The pair, both skilled fishermen, embarked on what should have been a routine trip, navigating their home waters of Kiribati in 2011.

But when their GPS didn’t work during the night-time excursion, what was supposed to be an 80-kilometre journey turned into their desperate fight for survival.

“We were thinking of nothing but getting back to the land,” Uein told Stories from the Pacific more than a decade after his ordeal.

Uein, who was 53 at the time, and Temaei, then 26, relied on their fishing skills and the wisdom passed down from his father. 

For days at a time, they survived solely on tuna they managed to catch.

With no access to fresh water, they faced dehydration and often resorted to drinking a mixture of fish blood and saltwater.
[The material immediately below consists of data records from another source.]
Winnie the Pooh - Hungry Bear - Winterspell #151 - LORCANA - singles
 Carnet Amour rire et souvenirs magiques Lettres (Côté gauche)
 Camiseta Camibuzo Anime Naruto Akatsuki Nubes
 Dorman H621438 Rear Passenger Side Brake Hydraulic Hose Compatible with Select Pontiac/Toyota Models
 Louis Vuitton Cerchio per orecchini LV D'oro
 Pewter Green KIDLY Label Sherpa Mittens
“At times, we would go three or four days without food,” Uein recalled.

They stayed cool with dips into the ocean, and as the days dragged on, they tried to chase passing ships in the distance, using the little petrol they had left. 
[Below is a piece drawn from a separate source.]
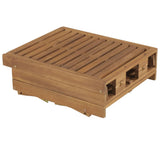 NNEVL Folding Sun Lounger with Cushion Solid Acacia Wood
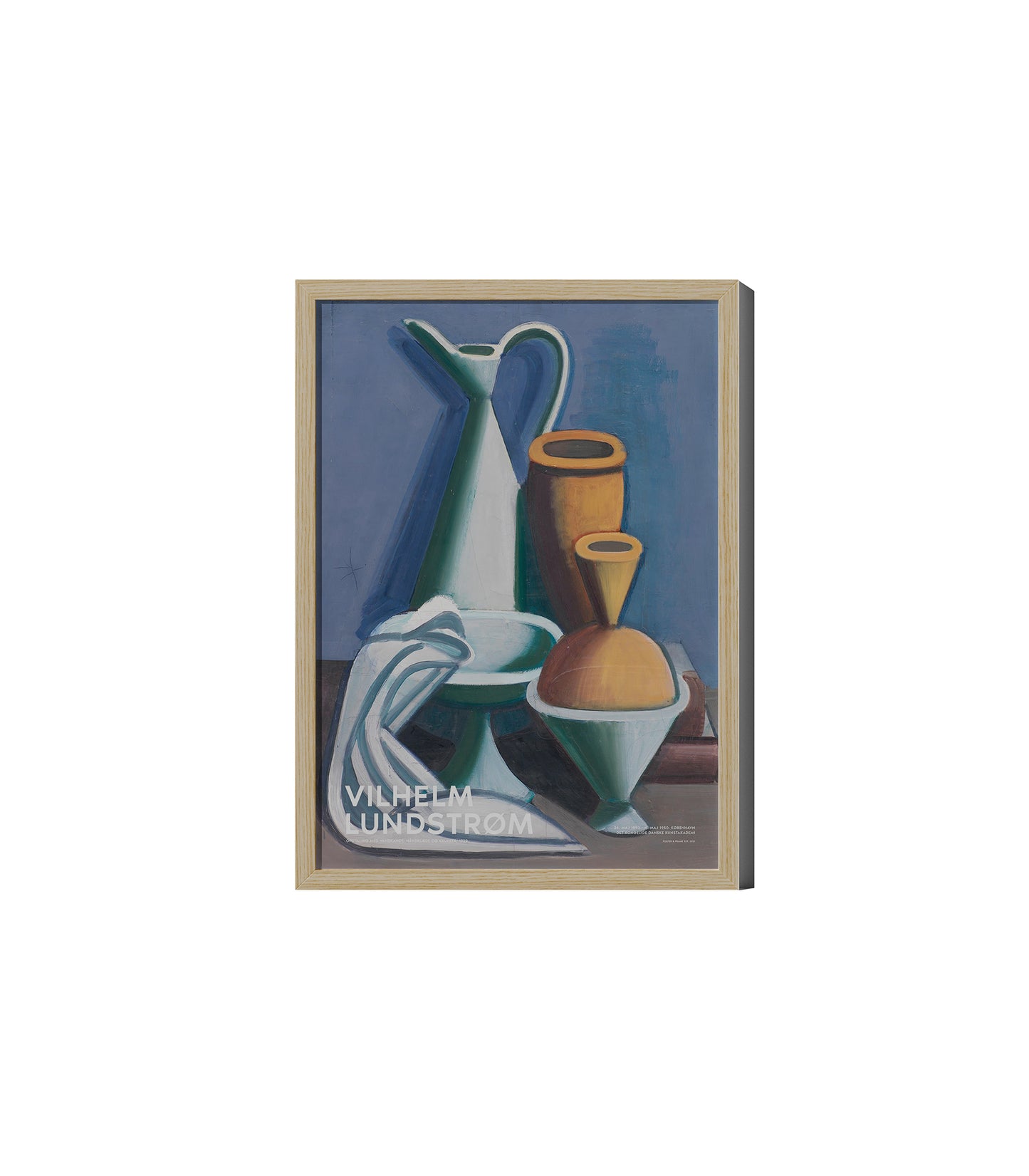 Opstilling med Vandkande Art Poster by Vilhelm Lundstrøm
“We had petrol, but we got lost because we were chasing the ships,” he said.

But they were never noticed.

After a month at sea, a shark began to circle their small fishing boat. Image / SNH

Shark sighting

Meanwhile, the US Coast Guard was also searching. Planes and fishing vessels were scouring the waters for the fishermen, but the two men were not spotted. 

The men had now spent 30 days at sea. 

When the pair saw a shark, Uein recalled his father’s tales of using a shark to pull his canoe back to shore when he would go fishing.

“The shark likes to go towards the land,” he said. 

“In our culture, a shark is seen as a blessing.”

With few options, the fishermen prepared for their next challenge of capturing the shark and letting it take them to shore.

 “We caught the shark and I tied the line to the back of the boat and the shark became our engine,” Uein said. 

Uein said the shark dragged their boat for three days before it died, and on the third day — 33 days after they had left their home — they spotted land.

But it wasn’t their home, it was the remote atoll of Namdrik Island, more than 600 kilometres away.

Relieved, exhausted and dehydrated, they were taken in by locals, who they realised didn’t speak the same language. 

But the surprises didn’t end there.

The pair washed up on a remote atoll in the Marshall Islands. Google Map

Temaei discovered that the descendants of his uncle, who had also vanished at sea decades earlier in the 1950s, were living there.

In the late 1950s, that uncle had also been lost at sea, eventually washing ashore on Namdrik where he married and started a family.

His uncle had since died, but his daughter’s eyes lit up when she met Uein and Temaei.

Their new-found relatives prepared food, but it took three days of barely eating before the men could enjoy a proper meal. 

“We didn’t eat for so long, our tummy had been empty so we didn’t want to be sick … but after the third day … we enjoyed a big meal,” Uein said.  

The pair spent two weeks on the remote atoll of Namdrik Island before returning home, this time by ship and plane.

Uein, a quiet-spoken man now in his 60s, smiled when asked if he had returned to the remote atoll of Namdrik.

“We’ll see if we can get another boat and go back,” he told Stories from the Pacific.